Production, distribution and storage
Methanol is typically produced from natural gas or coal, but it can also be renewable methanol made from biomass. Methanol is sometimes called “wood alcohol”, because it was once produced as a byproduct of wood distillation. (Methanol Institute). Biomethanol is also produced from glycerine, which is a byproduct from production of Fatty Acid Methyl Esters (FAME) (BioMCN). In Iceland, renewable electro-fuel synthetic methanol is produced from geothermal CO2 and renewable hydrogen by Carbon Recycling International (CRI). Some small-scale production facilities for renewable methanol are operating or planned.
Even when produced from natural gas, methanol has a slight greenhouse gas (GHG) emission benefit over gasoline. For renewable methanol, GHG emissions are potentially relatively low In comparison with the default values of the European Renewable Energy Directive, RED II (2021 onwards). Overall, GHG reduction potentials of renewable methanol produced on an industrial scale can be competitive to established renewable fuels, if using suitable resources like waste wood and cultivated wood. (Schröder et al. 2020).
Methanol is one of the most common chemicals globally. Driven by Chinese demand growth, global methanol demand have increased from 61 to 125 million metric tons from 2012 to 2016 Production capacity of sustainable renewable methanol is only less than 1 million tonnes per year. (IHS global market study, Schröder et al. 2020).

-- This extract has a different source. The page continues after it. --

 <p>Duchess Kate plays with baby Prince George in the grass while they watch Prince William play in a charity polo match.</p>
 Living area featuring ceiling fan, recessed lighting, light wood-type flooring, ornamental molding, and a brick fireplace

Methanol prices are competitive with gasoline prices, even when considered on an energy equivalent basis (Bromberg and Cheng 2010). Renewable methanol is usually more expensive than fossil methanol similarly to other renewable fuels. When considering production of advanced renewable fuels, methanol is one of the most cost-efficient options. One possibility to reduce costs of methanol is to use a lower purity than 99.85% required for the chemical industry. Combustion engines operate even when purity of methanol is 90% and with high water content. (Schröder et al. 2020).

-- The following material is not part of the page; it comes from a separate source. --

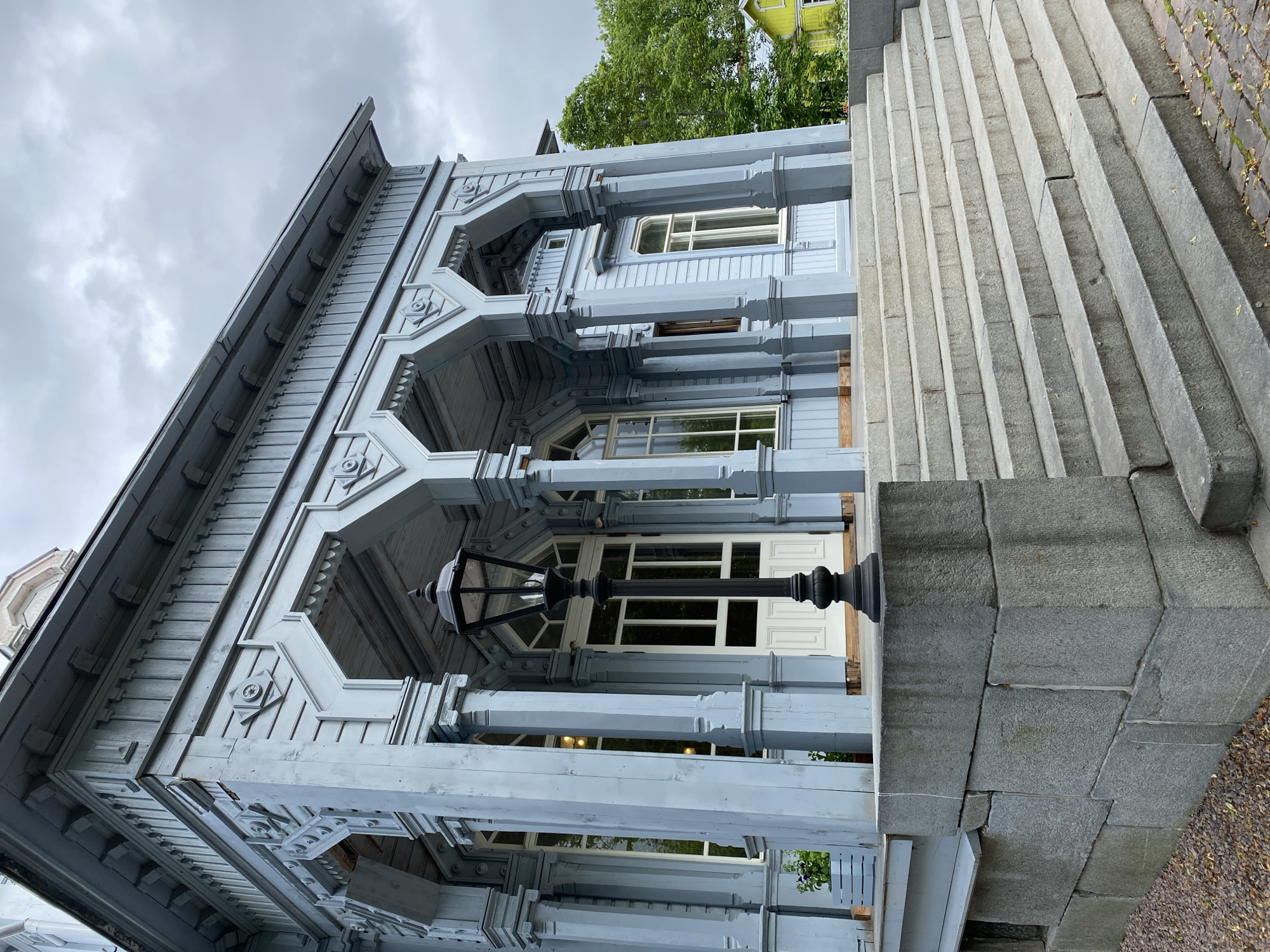 The image shows a light blue wooden building with intricate decorative elements, including carved trim and arched doorways. A wide, stone staircase leads up to the entrance, flanked by large stone blocks on the left. A black lamppost stands prominently on the staircase in front of the entrance. The building has large windows and a white double door. To the right of the building, green trees are visible, and a yellow building can be seen in the distance. The sky is overcast. The building is likely the Vyborg Architectural and Ethnographic Museum-Reserve located in Sortavala, Russia, which was once part of Finland.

When considering methanol use as gasoline component, corrosion inhibitors, co-solvents, and alcohol compatible materials in vehicles are needed to resist phase separation, maintain stability and safety. In contrast to hydrocarbons, methanol is a polar molecule and thus corrosive to individual metals and alloys as well as elastomers and polymers that are widely used in engine fuel systems and fuel distribution chain designed for conventional hydrocarbon fuels.
Recommended materials for methanol depend on the purpose of use. Elastomers and polymers that are not recommended include fluorosilicone (FVMQ), fluororubber (FPM, FKM), hydrogenated nitrile butadiene rubber (HNBR), neoprene (CR), nitrile butadiene rubber (NBR), polyurethane (PUR) and polyvinyl chloride (PVC). Metals that are not compatible with methanol are aluminium, copper, titanium, zinc and some of their alloys depending on their purpose. Electrical conductivity of methanol increase risks for galvanic corrosion of some metals. (Schröder et al. 2020). According to Bromberg and Cheng (2010) methanol fuels can be aggressive towards magnesium, and if water is present, towards aluminum. Corrosion inhibitor additives and formulated engine oils reduce corrosive effects of methanol.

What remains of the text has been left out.